Oh. Honestly to grow with you I'd suggest the 70D over the T(x) series. It will be a little more expensive but the video of the 70D is supposed to be very good. It is a camera that you can for sure grow and learn with.


----------



## wyogirl (Sep 17, 2015)

There is also the T6i and T6s.... newer sensor and more features.  Around $800-900.


----------



## Rob5589 (Sep 17, 2015)

Canon EOS Rebel T6i DSLR Camera with 18-55mm Lens 0591C003 B&H 

This and an extra battery and you are pretty set within your budget. It has newer tech than the 5i for a small increase price wise.


----------



## Solarflare (Sep 18, 2015)

Nicole808 said:


> The classes I am taking you must have a Canon.


 ?????

Never heard that one before.

What exactly can a Canon do that a Nikon or Pentax could not ?

I would also simply outright refuse to get forced into a system this way. Free choice of system is the holy birthright of a photographer.


----------



## goodguy (Sep 18, 2015)

wyogirl said:


> There is also the T6i and T6s.... newer sensor and more features.  Around $800-900.


I'm with you on that one, get the T6i or T6S, I think its currently Canon's best (affordable) APS-C sensor.


----------



## goodguy (Sep 18, 2015)

Solarflare said:


> Nicole808 said:
> 
> 
> > The classes I am taking you must have a Canon.
> ...


I totally agree with everything you say, I dont get this, you pay for photography course yet they are forcing you to buy Canon ?
Sorry but this just sounds weird to me, something is fishy here!


----------



## snowbear (Sep 18, 2015)

Fanboy U?


----------



## Rob5589 (Sep 18, 2015)

Solarflare said:


> Never heard that one before.
> 
> *What exactly can a Canon do that a Nikon or Pentax could not ?*
> 
> I would also simply outright refuse to get forced into a system this way. Free choice of system is the holy birthright of a photographer.



Well, if you have to ask...


----------



## Nicole808 (Sep 18, 2015)

Solarflare said:


> Nicole808 said:
> 
> 
> > The classes I am taking you must have a Canon.
> ...


You're totally right! But I've always been parcel to Canon. I've had a Canon point and shoot that I loved and a good friend of mine that is a photographer and she actually shot my wedding and all my girls major life events (so far  ) recommend that I get a Canon as well.


----------



## BananaRepublic (Sep 18, 2015)

As recommended by a spokes person for Canon.


----------



## waday (Sep 18, 2015)




----------



## Rob5589 (Sep 18, 2015)

Nicole808 said:


> You're totally right! But I've always been parcel to Canon. I've had a Canon point and shoot that I loved and a good friend of mine that is a photographer and she actually shot my wedding and all my girls major life events (so far  ) recommend that I get a Canon as well.
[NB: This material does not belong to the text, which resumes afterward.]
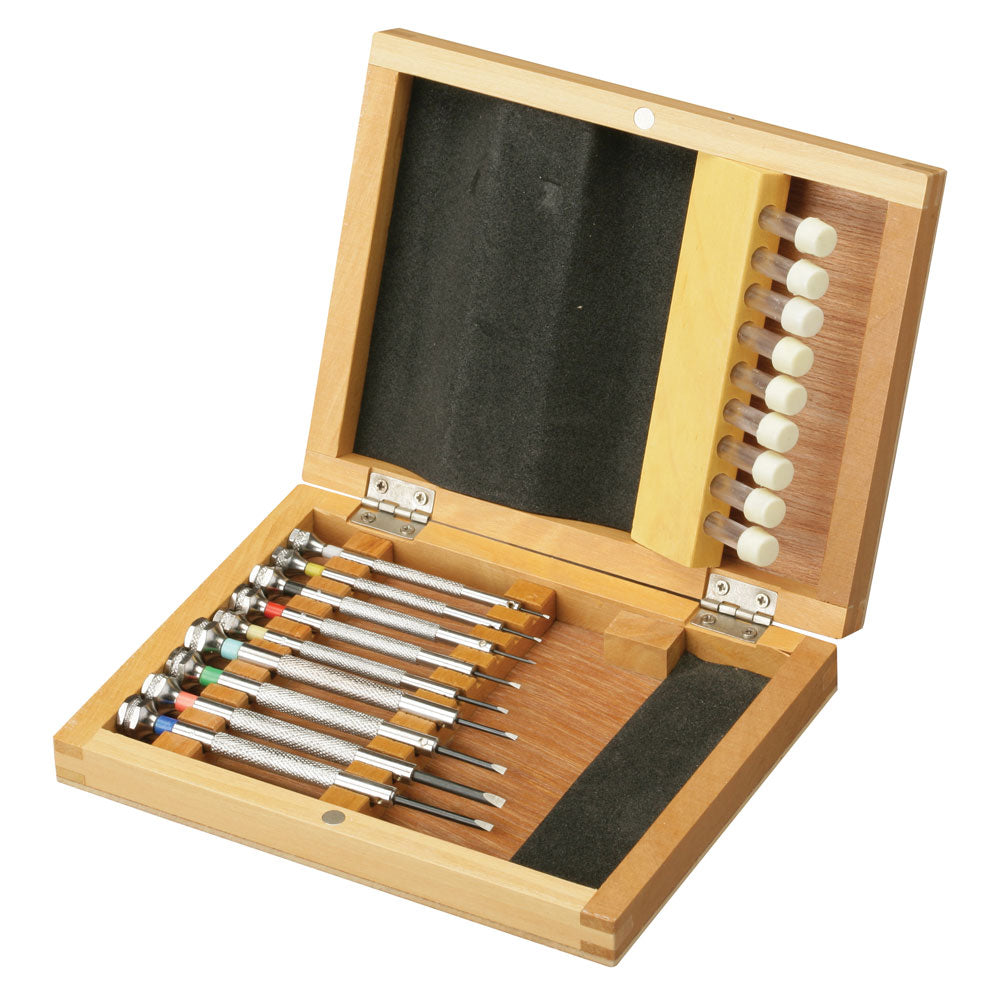 9-Piece Flat Screwdriver Sets in Wood Case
Buy whatever feels best to you. Recommendations are great but, not necessarily unbiased. Best part is both make some great gear so you cannot go wrong either way.


----------



## astroNikon (Sep 18, 2015)

Nicole808 said:


> The classes I am taking you must have a Canon.


This is usually because the person teaching the class(es) only knows Canon.
and can't help the students if they use something else - normally with the menus, camera features, etc.
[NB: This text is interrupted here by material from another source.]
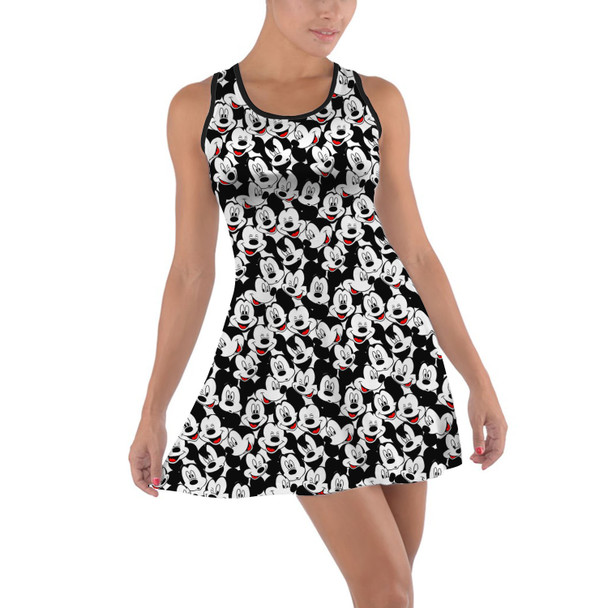 Cotton Racerback Dress - Many Faces of Mickey Mouse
This is also common in other areas such as musicians going to college where the professors recommend a specific brand or two. Simply because that is what they were taught on and the "tone" is what they perceive as a good tone versus other brands.  ie, they know what they can accomplish with a specific instrument to a specific tonal quality and how to achieve it.

Sometimes you just have to go with the flow.


----------



## BananaRepublic (Sep 18, 2015)

astroNikon said:


> Nicole808 said:
> 
> 
> > The classes I am taking you must have a Canon.
> ...



When I was in high school we were told to only buy the Casio version of a scientific calculator. there was one or two people who had Sharpe and the teachers would always struggle to understand these units


----------



## soufiej (Sep 20, 2015)

It's always fairly easy to spend other people's money.

What you are suggested may not be your best option when it is the camera someone else would prefer to own.  So take any recommendation- even my own - with a grain of salt.

The current SL1 is Canon's lowest priced DSLR.  

It is capable of image quality essentially identical (for all but the most advanced shooter in all but the most uncommon instances) to any other consumer grade DSLR Canon presently produces.   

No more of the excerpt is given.